京都検定1級に4度落ちました。今年5度目のチャレンジです。

古都の歴史・文化はあまりにも幅広く、深く、好奇心をかき立てると同時に、様々な癒しと気づきを与えてくれます。自分一人で味わうにはもったいない!と常々思ってきました。

 

「合格体験記」ではありません。しかし、不合格だったからこそ、長期間学び続けることができています。

そして、非・京都人だからこそ、何もかもが新鮮で驚きに満ちています。

「なるほど!」と膝を打つような知識もさることながら、複数の事象の「つながり」が見えてくる快感、様々な人物の「生き方」から得られる感動… 今の学びは、たくさんの喜びと励ましを与えてくれます。

本当にほんとうに、楽しいのです。

 

京都の歴史・観光地理・文化をシェアしたい

「神社」「寺」「遺跡」「街並み」「祭」「自然」「人物」「文学」「食物」…カテゴリーは様々です。

にわか京都人の素人目線で、感動したことを綴っていきます。京都は、共有したい魅力の宝庫だからです。

共有するためには、きちんとリサーチもします。理解が深まることが自分自身の喜びでもあります。もはや「試験に出るかどうか」はどうでもよいです。負け惜しみではありません(^_-) 

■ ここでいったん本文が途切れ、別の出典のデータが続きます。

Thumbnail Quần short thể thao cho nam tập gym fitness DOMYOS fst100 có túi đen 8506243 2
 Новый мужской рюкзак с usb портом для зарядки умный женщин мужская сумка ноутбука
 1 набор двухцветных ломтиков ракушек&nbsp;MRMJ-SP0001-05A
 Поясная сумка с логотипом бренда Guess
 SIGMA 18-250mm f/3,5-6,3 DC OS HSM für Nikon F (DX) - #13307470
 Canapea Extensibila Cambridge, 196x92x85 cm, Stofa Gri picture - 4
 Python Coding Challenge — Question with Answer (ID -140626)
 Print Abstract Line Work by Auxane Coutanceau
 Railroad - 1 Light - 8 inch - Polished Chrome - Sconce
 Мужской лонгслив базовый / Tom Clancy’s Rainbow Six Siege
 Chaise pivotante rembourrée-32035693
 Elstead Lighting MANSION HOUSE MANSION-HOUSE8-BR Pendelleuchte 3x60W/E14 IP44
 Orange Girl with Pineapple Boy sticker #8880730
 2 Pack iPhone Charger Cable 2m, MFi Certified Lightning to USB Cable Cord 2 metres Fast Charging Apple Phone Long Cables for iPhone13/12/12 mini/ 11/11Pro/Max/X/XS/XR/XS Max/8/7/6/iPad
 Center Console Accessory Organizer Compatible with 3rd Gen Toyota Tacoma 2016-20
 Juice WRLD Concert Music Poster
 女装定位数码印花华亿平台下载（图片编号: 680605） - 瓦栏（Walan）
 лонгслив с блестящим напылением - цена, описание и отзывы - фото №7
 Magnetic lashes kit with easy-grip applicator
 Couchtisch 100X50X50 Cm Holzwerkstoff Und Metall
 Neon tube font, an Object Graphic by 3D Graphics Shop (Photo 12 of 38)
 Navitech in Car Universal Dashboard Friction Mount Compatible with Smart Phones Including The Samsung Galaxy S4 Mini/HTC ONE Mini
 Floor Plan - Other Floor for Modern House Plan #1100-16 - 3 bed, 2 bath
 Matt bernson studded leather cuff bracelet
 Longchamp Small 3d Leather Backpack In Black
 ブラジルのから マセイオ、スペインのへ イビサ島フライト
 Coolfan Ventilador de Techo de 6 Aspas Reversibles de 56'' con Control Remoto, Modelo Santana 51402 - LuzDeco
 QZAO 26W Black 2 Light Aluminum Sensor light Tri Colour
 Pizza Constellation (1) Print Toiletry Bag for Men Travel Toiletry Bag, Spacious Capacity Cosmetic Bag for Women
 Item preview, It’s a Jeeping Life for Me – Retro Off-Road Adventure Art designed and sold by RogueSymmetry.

興味深いと感じたものをしっかり調べる、1つの事柄が次々と違う分野に連鎖していくのに任せる、といった自由な学びも楽しいものです。それが誰かの楽しみにつながれば、望外の幸せです。

 

時々「奈良」

私は奈良ソムリエです。「奈良まほろばソムリエ検定」という、県民にさえあまり知られていない検定なのですが。奈良県民ではないからこそ、その魅力にはまり、それはそれは多くのことを学びました。

今になってみれば、京都を知るためのベースになっていますが、京都とはまったく異なる魅力があります。

奈良の魅力も綴っていきたいです。

 

では小沢蘆庵先生に倣って「ただごと」日記、始めます。